Diamond Face in Long's Peak, Estes Park, Colorado, USA
Long’s Peak is visible throughout most of the Colorado Front Range, towering above Denver and Boulder and often shrouded by swirling clouds. Pictured is the Diamond Face, one of the highest and most strenuous technical rock faces in the United States. While not nearly as long as Yosemite’s El Capitan, its lung busting altitude make ascents arduous and its extreme weather make it fairly dangerous. Climbers need to be off the peak by 1 or 2 in the afternoon to avoid the daily thunder and lightning. The first ascents were most likely made by Native Americans searching for eagle feathers, while the first documented climb was in 1868, up what is now one of the easier routes to the top. In 1960, the first team successfully climbed the Diamond Face up a route called D1.
Place you live: Estes Park, CO
Place your photo was taken: This is a shot of the Diamond Face of Long’s Peak, one of Colorado’s 14,000-foot peaks. The trail head is about 15 minutes from town. You get to this lake after a 3 hour hike.

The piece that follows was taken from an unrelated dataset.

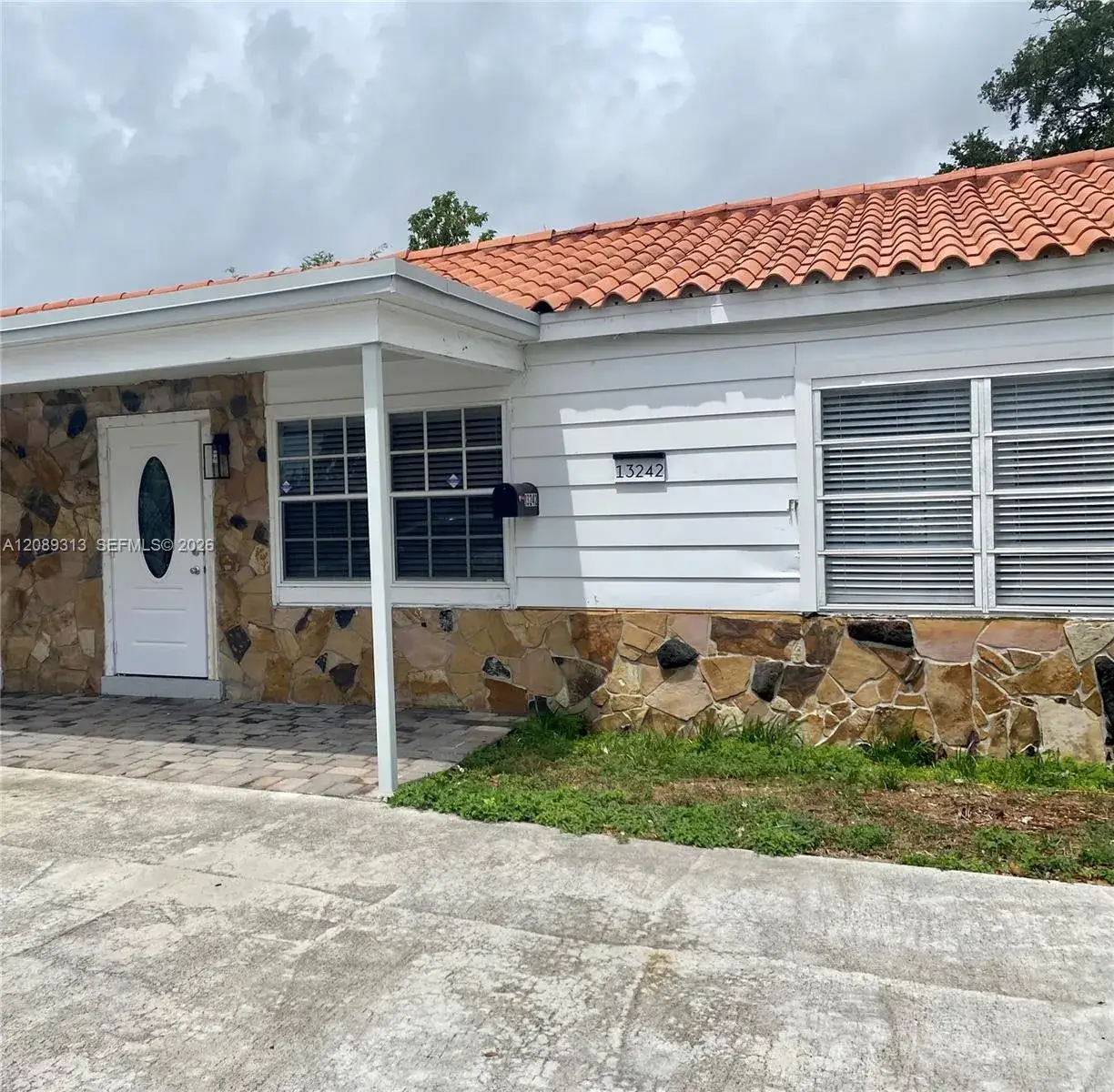 2 bedroom 1 bath Residential Lease for rent at 13242 NE 16th Ave # 13242, North Miami FL 33161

Preoccupation: Photographer, climber, skier, hiker, cyclist
A perfect day in Estes Park? Every day is just about perfect here, depending on your point of view. Summers start with sun, there’s a brief thunderstorm in the afternoon that’s always dramatic and creates gorgeous light, and then they end with that fresh smell that you only get just after it rains. The world is orange when fall comes and the aspens change. Winters are cold and insanely windy, which aggravates a lot of people, but I happen to love it. When I’m outside skiing, running or snow shoeing, the wind makes me feel like an ant. It’s humbling and enjoyable to feel so small because of mother nature. And without the wind, snow and cold, I wouldn’t get as much enjoyment from a warm fire and a glass of wine during a cold winter night. Spring can be everything: hot, cold, windy, rainy, sunny, snowy. It’s an exciting time.
If someone was visiting what must they do? Hike into Rocky Mountain National Park and see what you can see. Maybe the most popular time is during October or so, when the elk come down from the high country to mate. You can hear them bugling throughout the Estes Park Valley. If you’re up to it, you can hike to the top of Long’s Peak, a 16-mile round trip that tops out at 14,259.
A perfect meal? I always love the mushroom burger at Mary’s Lake Lodge and the pizzas at Sweet Basilico. Jumbo rice noodles with chicken at Thai Kitchen is perhaps my favorite meal here. And, if you want to call it a meal, you can drink a great beer and watch live music all the time at the Rock Inn. Oh yeah, and since Colorado is a microbrew capital, be sure to check out the Estes Park Brewery.
A little known fact? Golf balls fly more than 10% further in Estes Park due to the altitude.